Nel corso della comunicazione televisiva in cui ha ufficialmente formalizzato di fronte al Paese la sua decisione di dimettersi, il primo ministro Hazem al-Beblawi ha dichiarato che «le riforme non possono avvenire solo attraverso il governo. Tutti gli egiziani debbono essere impegnati a realizzarle – ha sottolineato il leader dimissionario –. Dobbiamo tutti sacrificarci per il bene del Paese. Più che chiederci che cosa l’Egitto ci ha dato, dovremmo interrogarci su cosa abbiamo fatto noi per l’Egitto», ha concluso. Nel corso dell’intervento televisivo, Beblawi ha tenuto a precisare che il suo governo aveva deciso di accettare la responsabilità della guida del Paese in attesa di una nuova Carta costituzionale e di nuove elezioni, in quanto i suoi membri erano fra i pochi disposti ad accettare le sfide di un momento drammatico per la storia egiziana.
Al-Beblawi è una figura di spicco a livello internazionale, avendo ricoperto la carica di sottosegretario generale delle Nazioni Unite, fra il 1995 ed il 2000. Nell’ambito della politica interna egiziana, oltre ad essere uno dei fondatori del partito socialdemocratico, aveva ricoperto l’incarico di ministro delle Finanze nel governo di Essam Sharaf per rassegnare poi le dimissioni nell’ottobre 2011 come presa di posizione decisa contro gli incidenti a Maspero, nel centro del Cairo, fra la polizia militare e cristiani copti, in cui erano morte 28 persone.

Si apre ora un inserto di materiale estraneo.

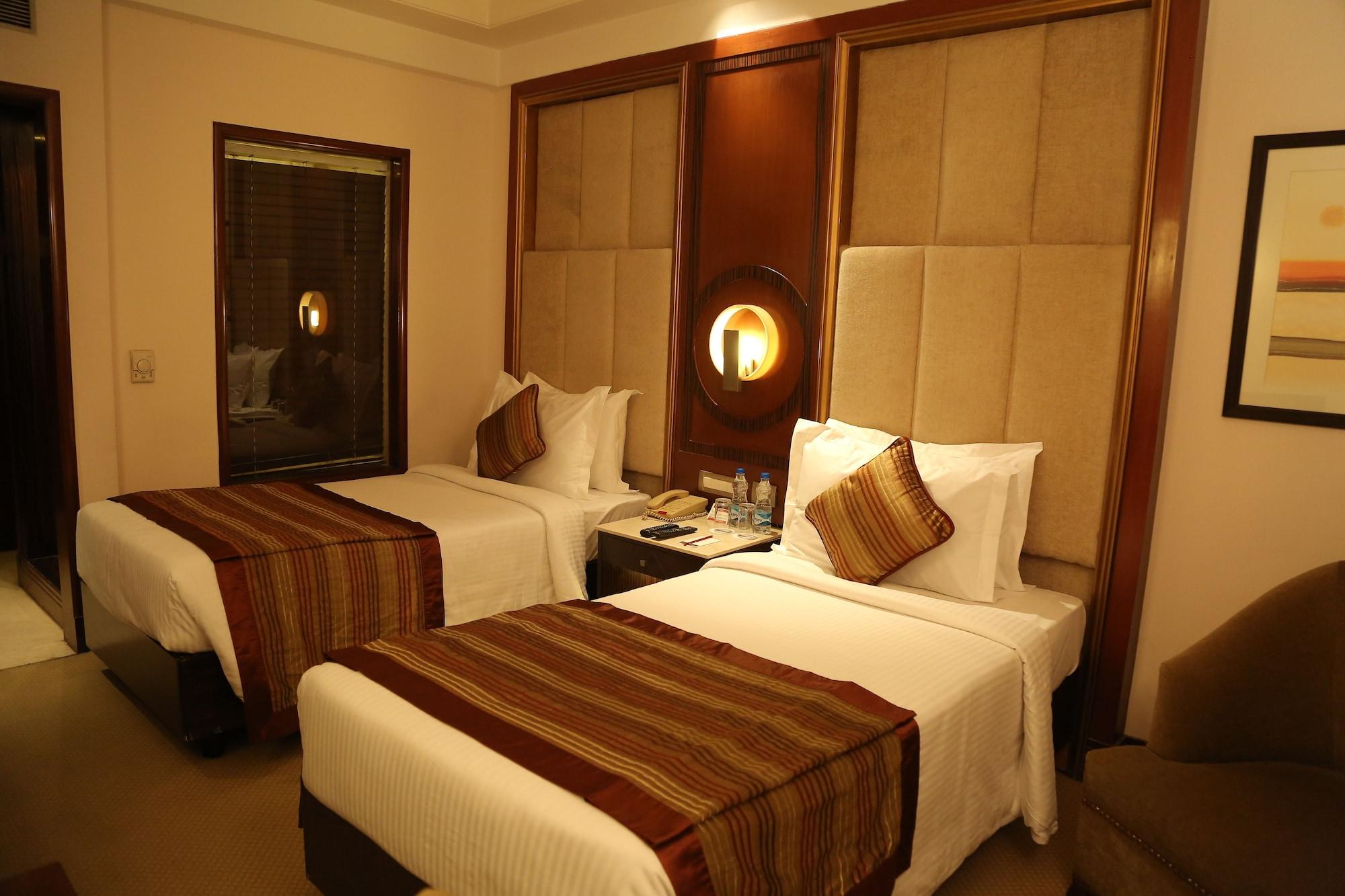 The Acura, Bmk Otel Gurgaon Dış mekan fotoğraf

Nei giorni scorsi, i leader delle Chiese cristiane presenti in Egitto si erano riuniti per celebrare, presso la cattedrale copto-ortodossa di san Marco al Cairo, il primo anniversario della costituzione del National Council of Christian Churches. Nel 2013, infatti, i leader delle cinque Chiese presenti nel Paese nordafricano – copto-ortodossa, copto-cattolica, greco-ortodossa, anglicana e protestante – avevano firmato un accordo di grande significato ecumenico per sancire la nascita di un organismo nazionale che riunisse le diverse chiese cristiane. Recentemente, il vescovo copto-cattolico, Assiut Kyrillos William, ha affermato che «la costituzione del National Council of Churches ha rappresentato un passo importante per tutti noi e possiamo già vederne gli effetti a livello locale. Durante la settimana di preghiera per l’unità dei cristiani – ha affermato il vescovo – era evidente che i fedeli erano felici di vedere i loro leader insieme per una preghiera comune. Quest’anno, infatti – ha riferito ancora all'agenzia Fides Anba Kyrillos –, un vescovo copto-cattolico ha predicato in una chiesa copto-ortodossa. Qualcosa che non era mai accaduto in precedenza». Il clima che si è stabilito fra i vescovi e i leader delle varie Chiese cristiane è, lo riconoscono tutti, legato anche alla figura di papa Tewadros II, il nuovo capo della Chiesa copto-ortodossa.